Disease Progression, Relapse and Outcome
Seven patients (N = 7) relapsed after a median time of 3.3 months (0.5–7.4 months). Four out of seven (4/7) patients who experienced disease—relapse received further systemic treatment, three of which (3/7) in combination with skin—directed treatment for cutaneous relapse (radiotherapy (RT), operation). Systemic treatments included adoptive T–cell transfer with EBV specific cells (N = 1) interferon alpha-2a combined either with donor lymphocyte infusion (N = 1) or with brentuximab—vedotin (N = 1) and R-CHOP in one (N = 1) patient with AECTCL due to rapid disease progression post—alloHSCT. One patient (1/7) with SS received only RT for cutaneous disease and in one (1/7) patient, reduction of immunosuppression without any subsequent treatment resulted in disease control. Systemic treatment was not considered in one patient (1/7) due to reduced performance status.

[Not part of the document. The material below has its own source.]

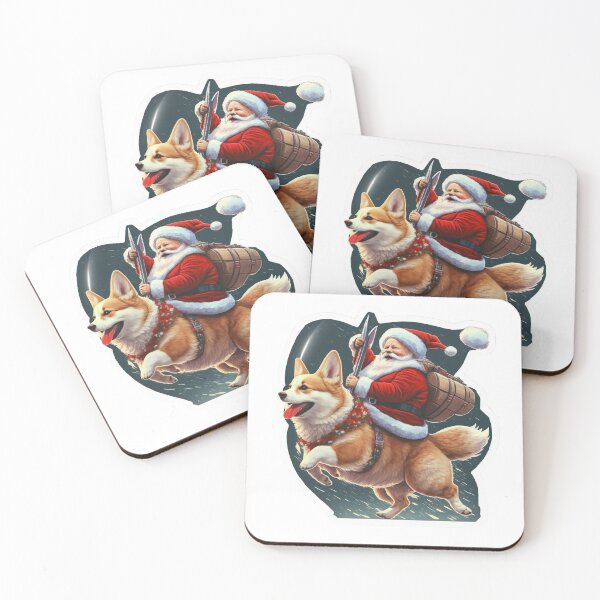 Item preview, Christmas corgi and Santa Claus sticker designed and sold by Victorsju.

Two patients (Nr. 1 and 2, presented on Supplementary Table 1), each experienced two disease relapses. The first patient (Nr. 1) initially relapsed 7.4 months after alloHSCT and received a skin—directed treatment with radiotherapy. During the second relapse 9.6 months post—alloHSCT, a systemic treatment with interferon alpha−2a was initiated with subsequent CR. The second patient (Nr. 2) initially relapsed 6 months after alloHSCT and was treated with interferon alpha−2a in combination with donor lymphocytes. The second relapse occurred after 15.1 months post-alloHSCT and treated with brentuximab—vedotin with subsequent PR. Median TTNT was 8.1 months (1.9–9.4 months). ORR was 57.1% (CR, N =2; PR, N = 2).
After a median follow-up time of 12.6 months (3.5–73.7 months) post—alloHSCT, six patients were alive (60%) and four had deceased, three (N = 3) due to CTCL progression and one (N = 1) due to GVHD. Treatment course and follow—up data for the all patients who underwent HSCT are summarized in Figure 1 and Supplementary Table 1 available at Frontiers in Medicine supplement.
Figure 1. Treatment course of the ten patients who underwent allogeneic hematopoietic stem cell transplantation (alloHSCT).
Overall Survival (OS) and Progression—Free Survival (PFS)
The results for OS and PFS for all CTCL types are provided in Figure 2. PFS was 25% at 12 months and OS 62.5 and 50% at 12 and 24 months, respectively. A separate analysis was performed to evaluate the disease control and outcome after alloHSCT for patients diagnosed with MF, FMF, and SS, due to the different nature of the two other lymphomas (NNKTL and AECTCL) and their possible impact on PFS and OS. PFS for this patient group was 30% at 12 months and OS 65% at 6, 12 and 24 months (Figure 2). We further analyzed the OS and PFS rates according to the disease status prior to transplant (Figures 3A,B) and timing of transplant (Figures 3C,D), with a cut—off 36 months from disease diagnosis. We found no benefit on PFS and OS on “earlier” transplants (<36 months after disease diagnosis) compared to “later” transplants (p = 0.94 and p = 0.58, respectively). Concerning the disease status prior to transplant, we compared recipients with minimal residual disease (CR or PR) before HSCT with patients having PD. There was a statistically non-significant difference on PFS (p = 0.28) in favor of CR/PR compared to PD prior to HSCT. Though, no difference on OS was found (p = 0.86), which can be explained by the systemic treatment initiation after disease relapse. Indeed, only one patient (N = 1) with stage IVB MF and PD prior to HSCT deceased due to lymphoma.
Figure 2. Probability of (A) overall survival (OS) and (B) progression—free survival (PFS) after allogeneic hematopoietic stem cell transplantation (alloHSCT) for the study population. OS (C) and PFS (D) after alloHSCT for patients with Sézary syndrome (SS), mycosis fungoides (MF) and folliculotropic mycosis fungoides (FMF).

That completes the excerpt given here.